Word N-gram language model, up to 10-gram, is supported. julius uses different N-gram for each pass: left-to-right 2-gram on 1st pass, and right-to-left N-gram on 2nd pass. It is recommended to use both LR 2-gram and RL N-gram for julius. However, you can use only single LR N-gram or RL N-gram. In such case, approximated LR 2-gram computed from the given N-gram will be applied at the first pass.

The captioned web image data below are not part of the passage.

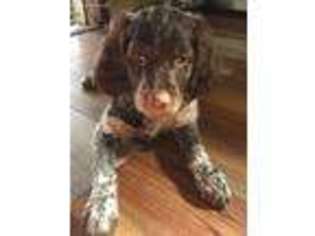 Brittany Puppy for sale in Hunlock Creek, PA, USA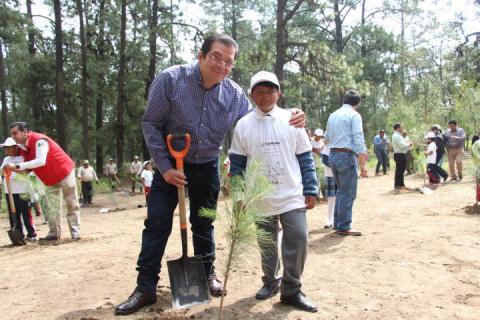 El gobernador inicia programa de reforestación 2017 en la Malinche imagen 3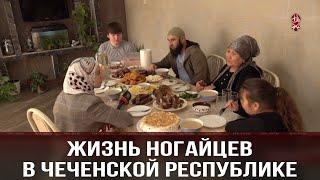 ЖИЗНЬ НОГАЙЦЕВ В ЧЕЧЕНСКОЙ РЕСПУБЛИКЕ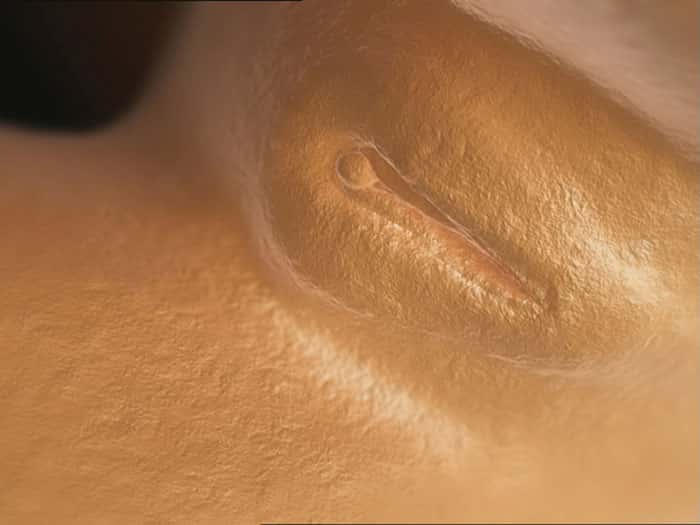Le tubercule génital se transforme en clitoris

The Standard ARPA format is supported. In addition, a binary format is also supported for efficiency. The tool mkbingram(1) can convert ARPA format N-gram to binary format.

grammar LM

julius's grammar format is an original one, and tools to create a recognirion grammar are included in the distribution. A grammar consists of two files: one is a 'grammar' file that describes sentence structures in a BNF style, using word 'category' name as terminate symbols. Another is a 'voca' file that defines words with its pronunciations (i.e. phoneme sequences) for each category. They should be converted by mkdfa.pl(1) to a deterministic finite automaton file (.dfa) and a dictionary file (.dict), respectively. You can also use multiple grammars.

isolated word LM

You can perform isolated word recognition using only word dictionary. With this model type, julius will perform rapid one pass recognition with static context handling. Silence models will be added at both head and tail of each word. You can also use multiple dictionaries in a process.

Installing

Julius has autoconf-based auto configuration script. See the "INSTALL.txt" in the source archive for defailed instruction.

Usage

Start recognition with a config file

% julius -C foobar.jconf

Options

All parameters are made configurable, so Julius has over 100 options! The full list of the options are described in Options.md

Environment Variables

ALSADEV

device name string for ALSA (default: "default")

AUDIODEV

device name string for OSS (default: "/dev/dsp")

PORTAUDIO_DEV

With portaudio, index of capture device to use. The available devices will be listed at startup.

LATENCY_MSEC

Input latency of microphone input in milliseconds. Smaller value will shorten latency but sometimes make process unstable. Default value will depend on the running OS.

Authors

Julius is mainly developed and maintained by Akinobu LEE (Kyoto University, now at Nagoya Institute of Technology). The base algorithm and the name "Julius" was given by Tatsuya Kawahara (Kyoto University).

Many researchers having been engaged in using and developing Julius by giving great ideas, comments and suggestions. Also thanks to all the contributors from speech recognition society and many developers in GitHub!

License

This tool is licensed under the same license with Julius - see the license term of Julius for defails.